[[ Extracted data, beginning ]]

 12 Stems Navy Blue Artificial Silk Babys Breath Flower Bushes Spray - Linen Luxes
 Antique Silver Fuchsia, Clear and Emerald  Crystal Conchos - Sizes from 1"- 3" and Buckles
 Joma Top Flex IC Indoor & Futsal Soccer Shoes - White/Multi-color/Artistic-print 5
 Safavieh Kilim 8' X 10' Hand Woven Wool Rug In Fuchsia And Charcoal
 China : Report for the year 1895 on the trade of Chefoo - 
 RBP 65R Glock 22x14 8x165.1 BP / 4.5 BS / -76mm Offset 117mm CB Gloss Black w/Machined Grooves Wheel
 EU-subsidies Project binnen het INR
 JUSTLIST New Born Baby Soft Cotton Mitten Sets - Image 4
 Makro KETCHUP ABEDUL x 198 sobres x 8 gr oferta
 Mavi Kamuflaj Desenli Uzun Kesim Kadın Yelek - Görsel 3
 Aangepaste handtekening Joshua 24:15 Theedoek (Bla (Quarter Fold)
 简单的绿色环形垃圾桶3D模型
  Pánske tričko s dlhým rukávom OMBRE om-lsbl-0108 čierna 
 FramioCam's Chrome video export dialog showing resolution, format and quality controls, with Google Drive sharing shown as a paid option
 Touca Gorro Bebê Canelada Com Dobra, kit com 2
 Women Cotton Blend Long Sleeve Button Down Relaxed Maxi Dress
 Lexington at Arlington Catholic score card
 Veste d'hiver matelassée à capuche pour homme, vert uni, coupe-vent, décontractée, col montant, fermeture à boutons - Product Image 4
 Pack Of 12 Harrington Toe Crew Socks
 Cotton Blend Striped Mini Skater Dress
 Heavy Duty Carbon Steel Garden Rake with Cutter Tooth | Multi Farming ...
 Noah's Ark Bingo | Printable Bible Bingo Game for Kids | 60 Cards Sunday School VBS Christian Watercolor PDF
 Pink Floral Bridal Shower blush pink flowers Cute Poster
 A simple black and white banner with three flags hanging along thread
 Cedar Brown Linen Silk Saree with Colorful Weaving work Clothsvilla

[[ Extracted data, end ]]

* Activity *
Copy out every line of the material above that mentions the word "Cotton".

* Answer to the exercise *
 JUSTLIST New Born Baby Soft Cotton Mitten Sets - Image 4
 Women Cotton Blend Long Sleeve Button Down Relaxed Maxi Dress
 Cotton Blend Striped Mini Skater Dress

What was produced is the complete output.